Restate word for word the entries below, starting with the line with "Fjallraven Raven 28L Backpack" and continuing through the line with "Razer Kaira X". Include both of those lines and no others.

- [DATA]
....
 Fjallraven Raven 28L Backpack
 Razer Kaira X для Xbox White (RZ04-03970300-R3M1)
....
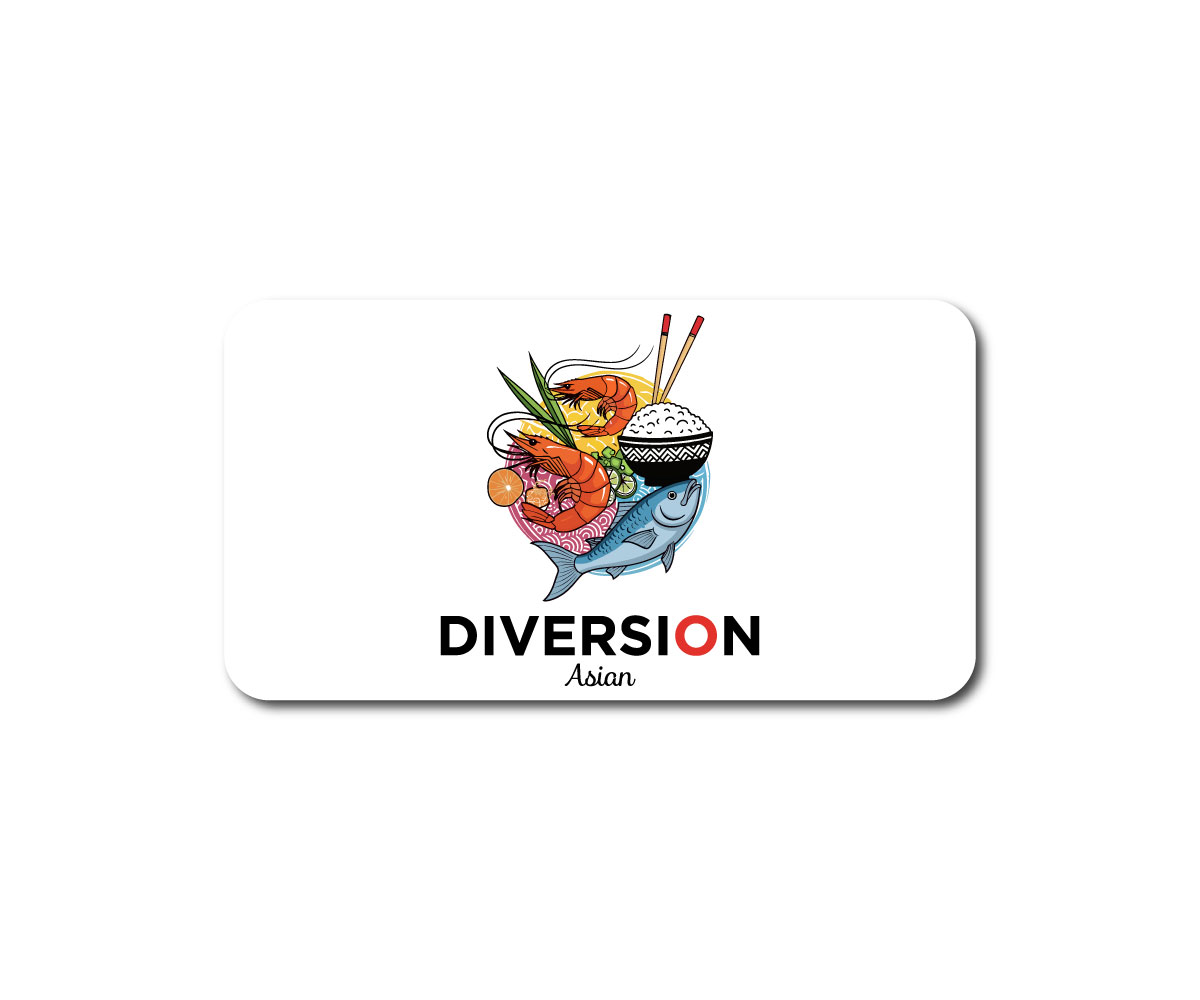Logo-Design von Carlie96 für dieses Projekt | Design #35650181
....
- [ANSWER SPACE]
 Fjallraven Raven 28L Backpack
 Razer Kaira X для Xbox White (RZ04-03970300-R3M1)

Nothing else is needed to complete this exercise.